Walmart price pressures

What I’d wonder, more than that, is whether Walmart will be able to force the labels to lower *their* prices. They’ve done it with other suppliers, many many times, but I’m not sure they’ll be able to in this case. They don’t, and won’t, control enough of the music market to be able to bring the same kind of pressure to bear as they can in other markets.

Still, I would like to see them try. Two forces I hate going to war is usually an amusing spectacle.

Anonymous Coward says:

No Subject Given

Think wally world (and mike) may be a bit overly optomistic here. I don’t think that going on line to buy music a Wally world is going to encourage me to shop in their other areas. Unlike foot shopping, when I go online, I generally go with a particular focus… and if they shove so many ads in front of my browsing at music that it becomes intolerable and don’t think many people are going to stay around.

Point of reference for wally worlds online experiences. Everyone said their online movie rental would kill Netflix. Yesterday Netflix raised their revenue and subscriber numbers for the quarter. So far, wally world… little to no impact.

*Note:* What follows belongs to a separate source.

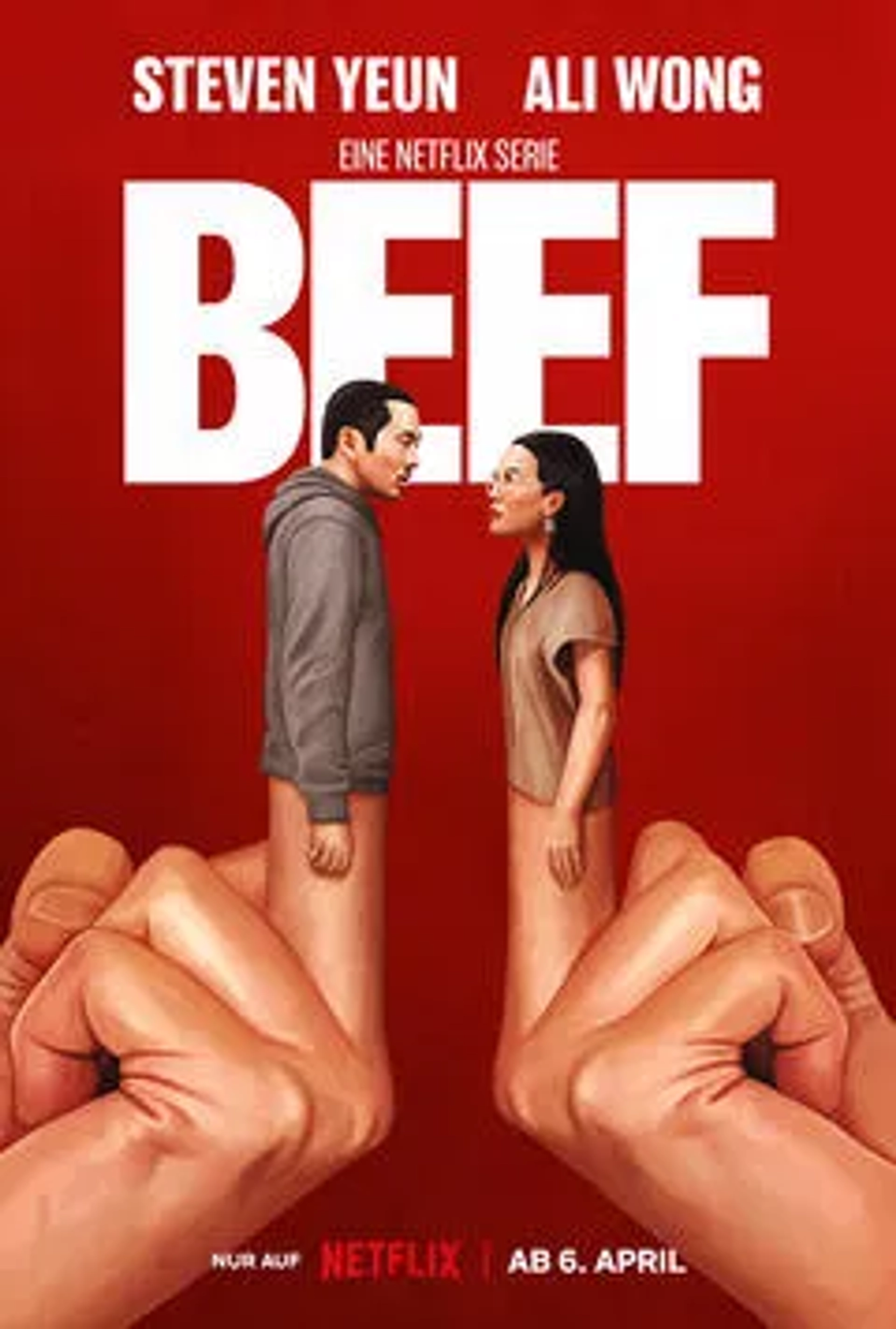 Steven Yeun and Ali Wong in Beef (2023)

Basic reason for this, I feel, is that the netflix experience (at least for me) has been flawless. Ergo, I’ve had no reason to look elsewhere. In the same light, my online music experience at apples itunes store has also been flawless. Do I really want to spend the time and effort looking for a less costly alternative (10 cents) unless it has the same experience ???? I think one thing most people will agree on, is that shopping at wal-mart (brick and mortar) is never equated to the word pleasant or easy or flawless. It does = cheap but seldom anything else.

Now if wally world has that ‘gee whiz’ feature that itunes doesn’t, it might be worth the time and effort of checking out.

a friendly greeter says:

Re: God Bless Sam Walton

How long until the general public wakes up and realizes that for every loss leader that Wal-fart touts, something else has to be sold at a higher price in order to balance this out ?

Oh wait, Wal-mart can just use slave labor in China and to hell with any responsibility. As long as the American consumer is happy, all is right with the world.

eeyore says:

count me out, Sam

Here’s why I pass on this:
“Once you play a song you downloaded from Walmart.com, it will only play on that computer, even if you are able to transfer the song file to a different computer. This is because the license file (required to play the song) remains on the original computer. You cannot transfer this license file to another computer.”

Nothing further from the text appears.